• [Task instructions]
Only the lines from the top of the listing below to the line that has "CPA Cheval Hippisme" should be echoed, with both ends kept and pictures left out.

+--

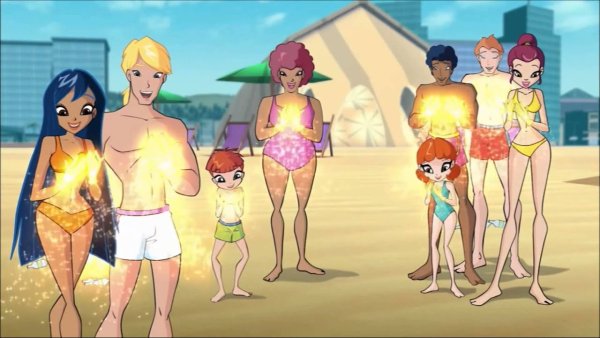 Специалисты Винкс на пляже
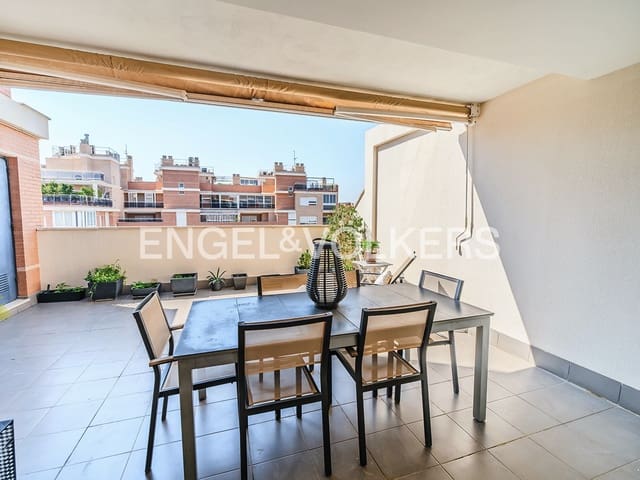 3 soverom Penthouse til salgs i Paus - Poligono San Blas, Alicante by med svømmebasseng garasje - € 590 000 (Ref: 9890746)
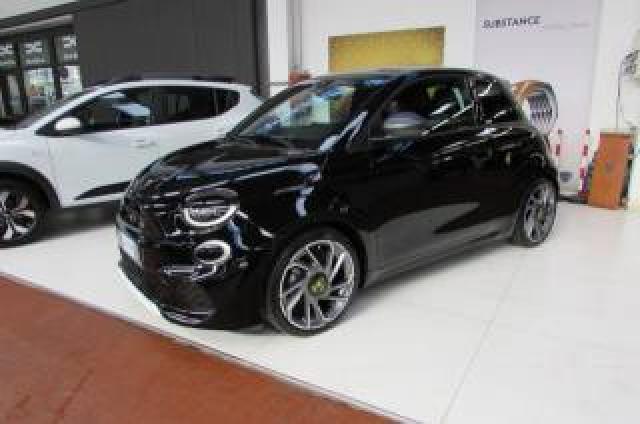 Abarth 500e Turismo 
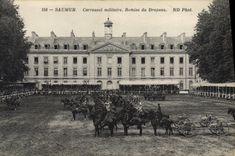 CPA Cheval Hippisme Saumur Carrousel militaire Remise du drapeau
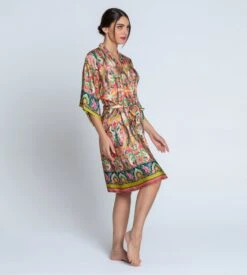 Lise Charmel Libertine en Fleurs – Déshabillé Kimono en Satin de Viscose Imprimé Floral -Lingerie Sipp deshabille libertine en fleurs libre eclosion 4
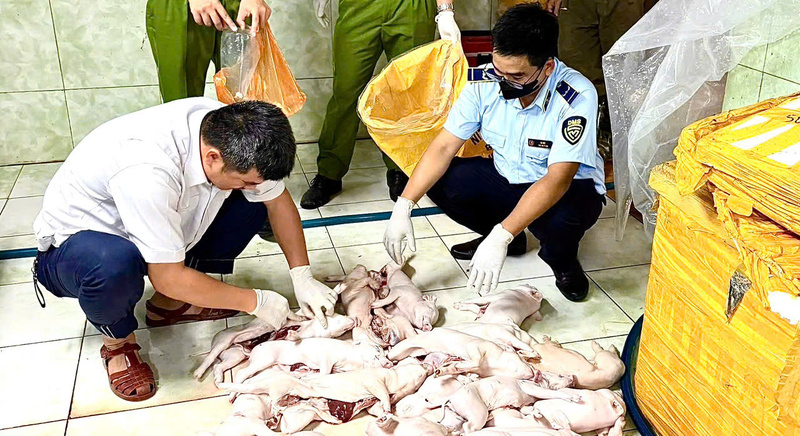 Trong thời gian tới, các ngành chức năng của tỉnh Quảng Ngãi tăng cường siết chặt quản lý ATTP trên địa bàn. Ảnh: Tuệ Lâm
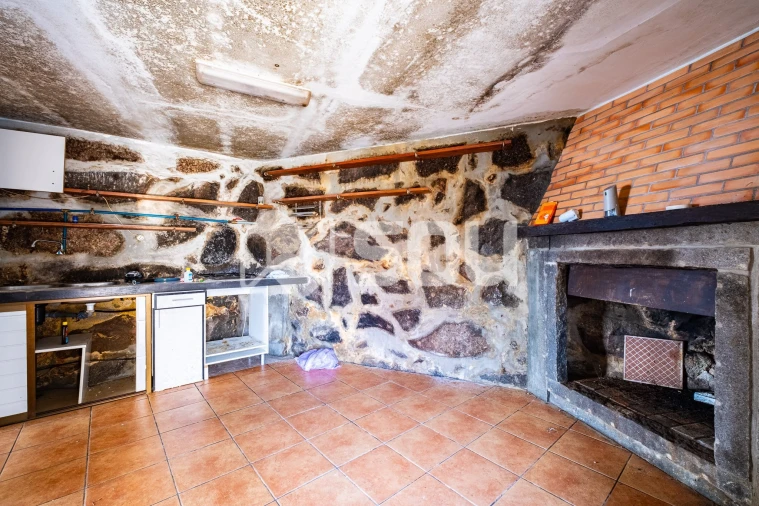 Moradia T4 para Venda em Santa Cruz do Douro e São Tomé de Covelas Foto 16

+--

• [Answer]
 Специалисты Винкс на пляже
 3 soverom Penthouse til salgs i Paus - Poligono San Blas, Alicante by med svømmebasseng garasje - € 590 000 (Ref: 9890746)
 Abarth 500e Turismo 
 CPA Cheval Hippisme Saumur Carrousel militaire Remise du drapeau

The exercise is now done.